ガンケルが自らのバットで打線に火を付けた。0-0で進み、この回もまた無得点かと思われた4回2死二塁。西武隅田の145キロを完璧に捉えた打球が、中堅愛斗の頭上を越えた。「何とかチームメートをかえそうと、思いっきり振りにいきました」。来日3年目で初打点となる先制の適時二塁打で点火してもらった打線は、この回さらに2点を追加。それまで9安打を放ちながら拙攻の連続で決定力不足だった打線に“喝”を入れる一撃で、試合の流れをガラリと変えた。

恐怖の9番は止まらない。3点リードの6回にはボーの変化球を中前へ。2回の第1打席でも右前打を放ち、来日初の3安打だ。阪神投手の猛打賞は、16年8月25日DeNA戦でメッセンジャーが3安打して以来6年ぶりで、交流戦では球団史上初。個人では高校以来の3安打だという。自身3試合連続安打で、打率を3割5分7厘まで上げた。

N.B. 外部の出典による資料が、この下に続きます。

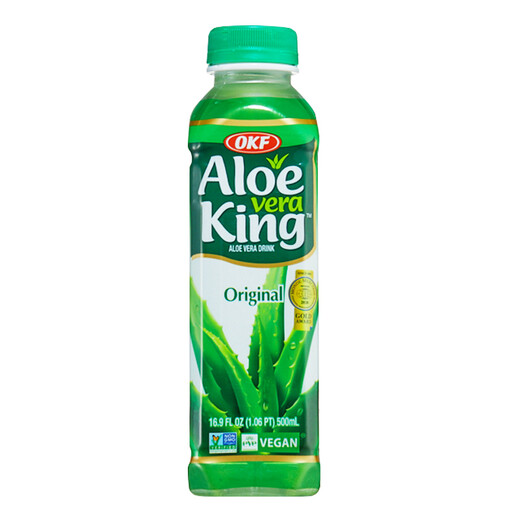 OKF Imported from South Korea Curacao Aloe Vera Beverage 500ml*4 Bottles 8% Aloe Vera Gel Grains Crispy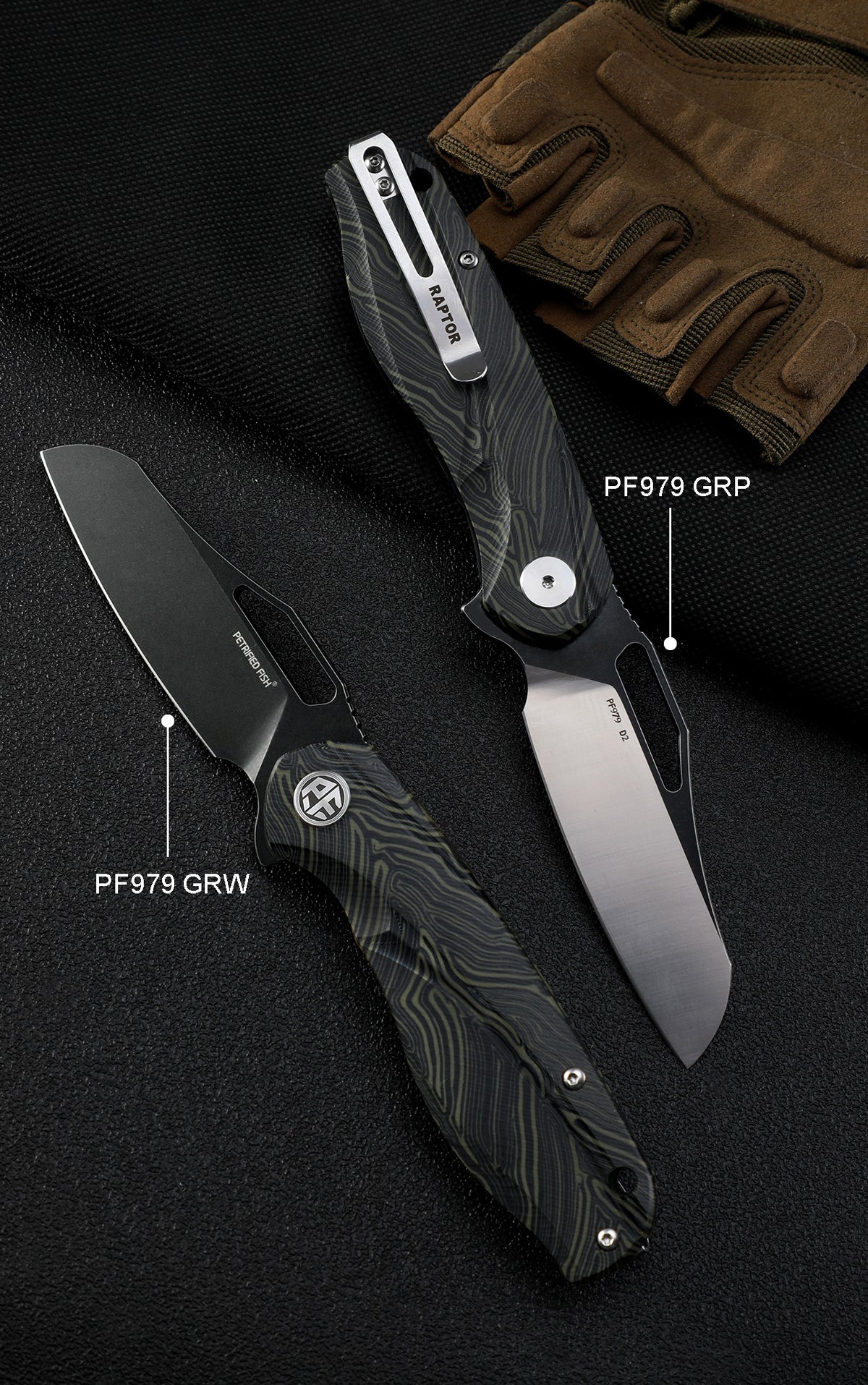 Petrified fish PF979 Raptor original,3.43"D2 Blade,G10 Handle,Flipper Liner lock Folding knife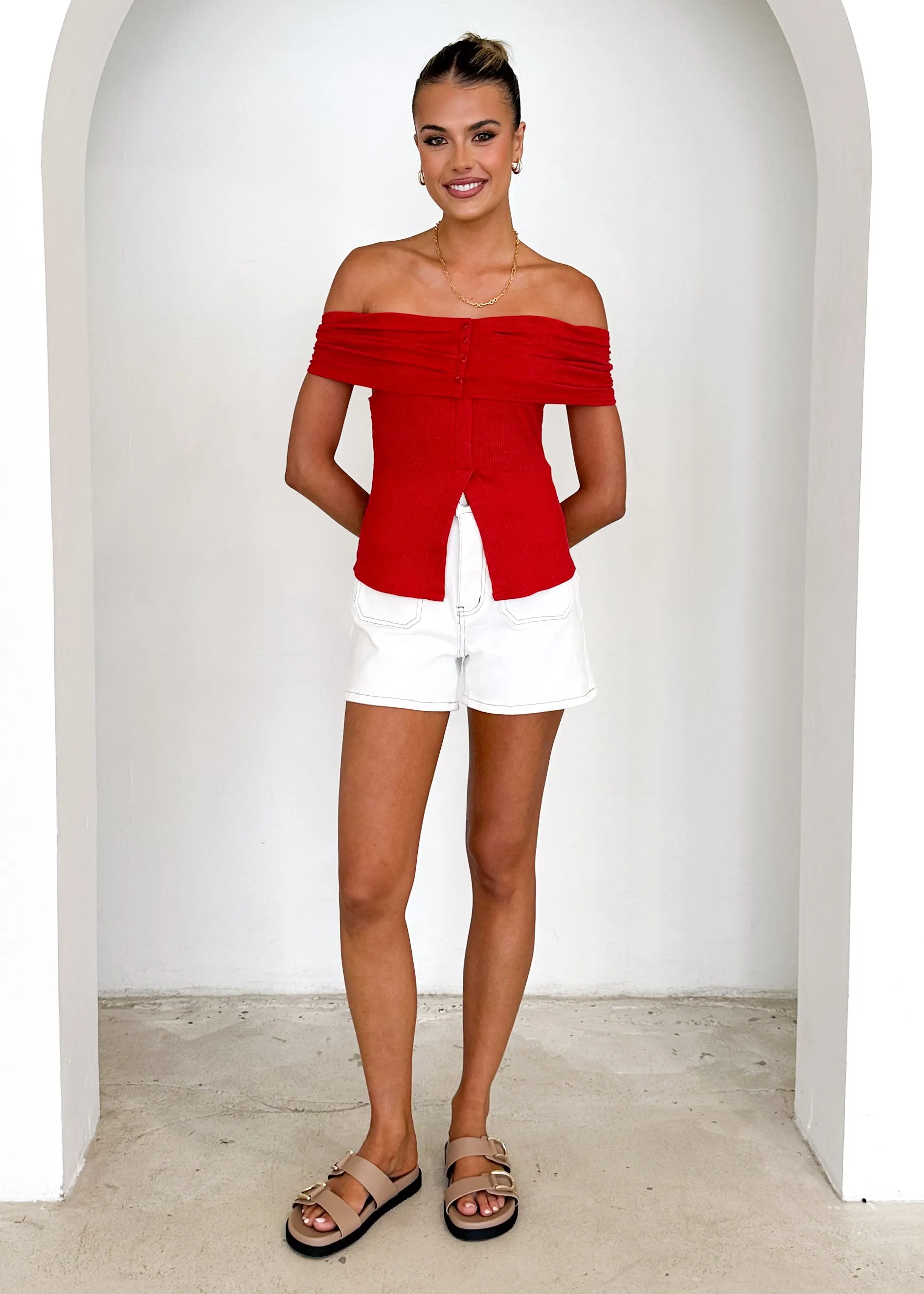 Hewitt Off Shoulder Knit Top - Red sold by Gingham & Heels product image thumbnail 3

「ピッチャーがヒットを打って出塁するときは、チームに流れをもたらすことができる。攻撃面でも貢献できて良かった」

投手へ本格的に取り組んだのは高校からで、もともとは野手志望だった。「最初は外野手がやりたかったので断っていたけど、(高校の)コーチに投げさせられて」と苦笑い。だが、次第に投手としての能力を開花させ、「年を重ねるにつれて、バッティングよりピッチングの方が楽しくなったんだ。コーチには感謝してるよ」。投手としてプロの道に進んだが、持ち前の打撃技術は健在だった。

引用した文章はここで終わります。